Other Important Disclosure Information

SPECIAL NOTE REGARDING THIS LETTER:

THIS LETTER CONTAINS OUR CURRENT VIEWS ON THE VALUE OF SANDRIDGE SECURITIES AND CERTAIN ACTIONS THAT SANDRIDGE'S BOARD MAY TAKE TO ENHANCE THE VALUE OF ITS SECURITIES. OUR VIEWS ARE BASED ON OUR OWN ANALYSIS OF PUBLICLY AVAILABLE INFORMATION AND ASSUMPTIONS WE BELIEVE TO BE REASONABLE. THERE CAN BE NO ASSURANCE THAT THE INFORMATION WE CONSIDERED AND ANALYZED IS ACCURATE OR COMPLETE. SIMILARLY, THERE CAN BE NO ASSURANCE THAT OUR ASSUMPTIONS ARE CORRECT. SANDRIDGE'S ACTUAL PERFORMANCE AND RESULTS MAY DIFFER MATERIALLY FROM OUR ASSUMPTIONS AND ANALYSIS.

WE HAVE NOT SOUGHT, NOR HAVE WE RECEIVED, PERMISSION FROM ANY THIRD-PARTY TO INCLUDE THEIR INFORMATION IN THIS LETTER. ANY SUCH INFORMATION SHOULD NOT BE VIEWED AS INDICATING THE SUPPORT OF SUCH THIRD PARTY FOR THE VIEWS EXPRESSED HEREIN.

THIS LETTER ALSO REFERENCES THE SIZE OF OUR RESPECTIVE CURRENT HOLDINGS OF SANDRIDGE SECURITIES RELATIVE TO OTHER HOLDERS OF SUCH SECURITIES. OUR VIEWS AND OUR HOLDINGS COULD CHANGE AT ANY TIME. WE MAY SELL ANY OR ALL OF OUR HOLDINGS OR INCREASE OUR HOLDINGS BY PURCHASING ADDITIONAL SECURITIES. WE MAY TAKE ANY OF THESE OR OTHER ACTIONS REGARDING SANDRIDGE WITHOUT UPDATING THIS LETTER OR PROVIDING ANY NOTICE WHATSOEVER OF ANY SUCH CHANGES (EXCEPT AS OTHERWISE REQUIRED BY LAW).
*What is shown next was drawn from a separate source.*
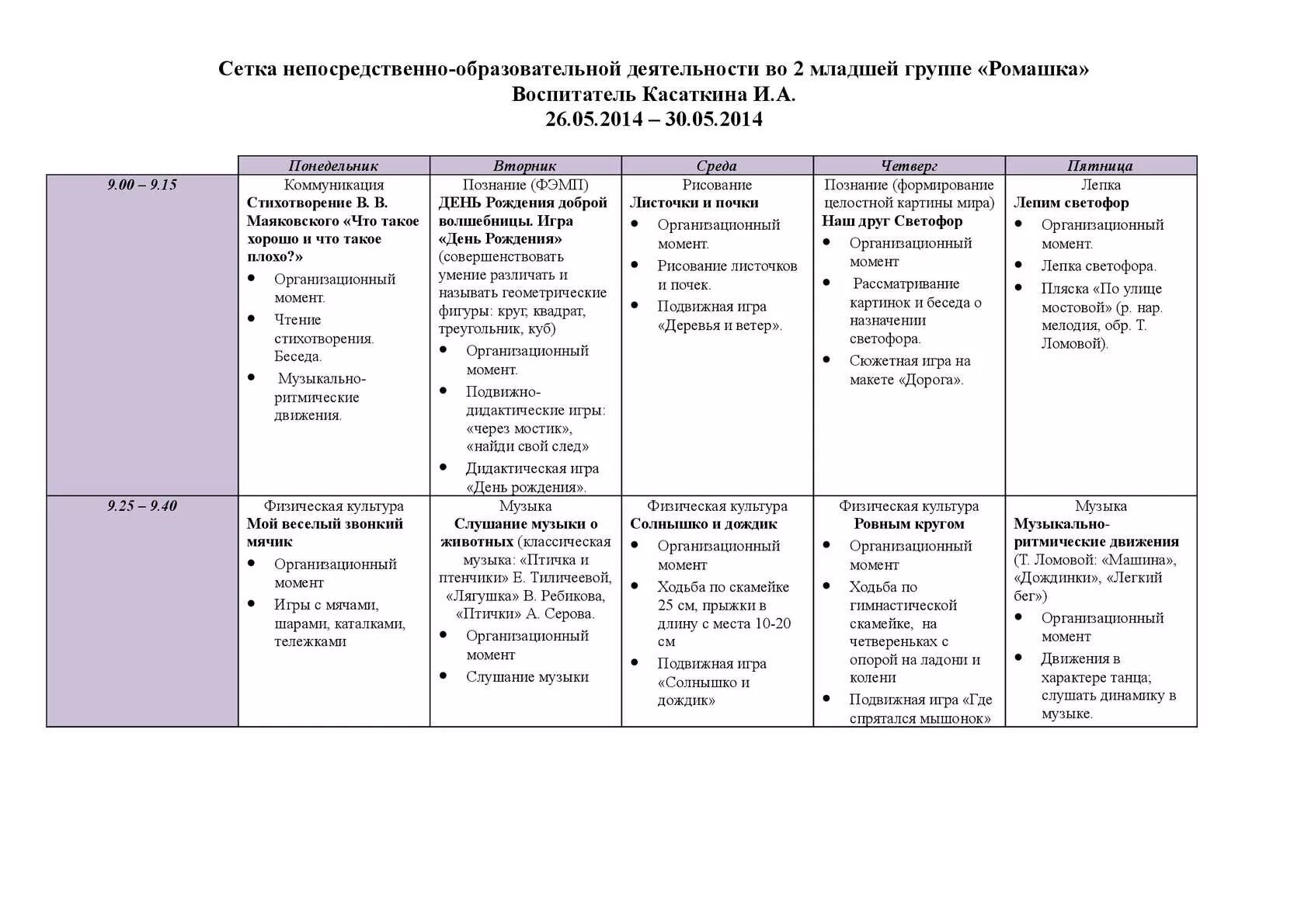 План сетки занятия на вторую младшую группу. Сетка деятельности в младшей группе. Сетка деятельности 2 младшая группа. Сетка занятий мл гр. Человек планирование в младшей группе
FORWARD-LOOKING STATEMENTS:

Certain statements contained in this letter are forward-looking statements including, but not limited to, statements that are predications of or indicate future events, trends, plans or objectives. Undue reliance should not be placed on such statements because, by their nature, they are subject to known and unknown risks and uncertainties. Forward-looking statements are not guarantees of future performance or activities and are subject to many risks and uncertainties. Due to such risks and uncertainties, actual events or results or actual performance may differ materially from those reflected or contemplated in such forward-looking statements. Forward-looking statements can be identified by the use of the future tense or other forward-looking words such as "believe," "expect," "anticipate," "intend," "plan," "estimate," "should," "may," "will," "objective," "projection," "forecast," "management believes," "continue," "strategy," "position" or the negative of those terms or other variations of them or by comparable terminology.

Important factors that could cause actual results to differ materially from the expectations set forth in this letter include, among other things, the factors identified in SandRidge's public filings. Such forward-looking statements should therefore be construed in light of such factors, and the Participants are under no obligation, and expressly disclaim any intention or obligation, to update or revise any forward-looking statements, whether as a result of new information, future events or otherwise, except as required by law.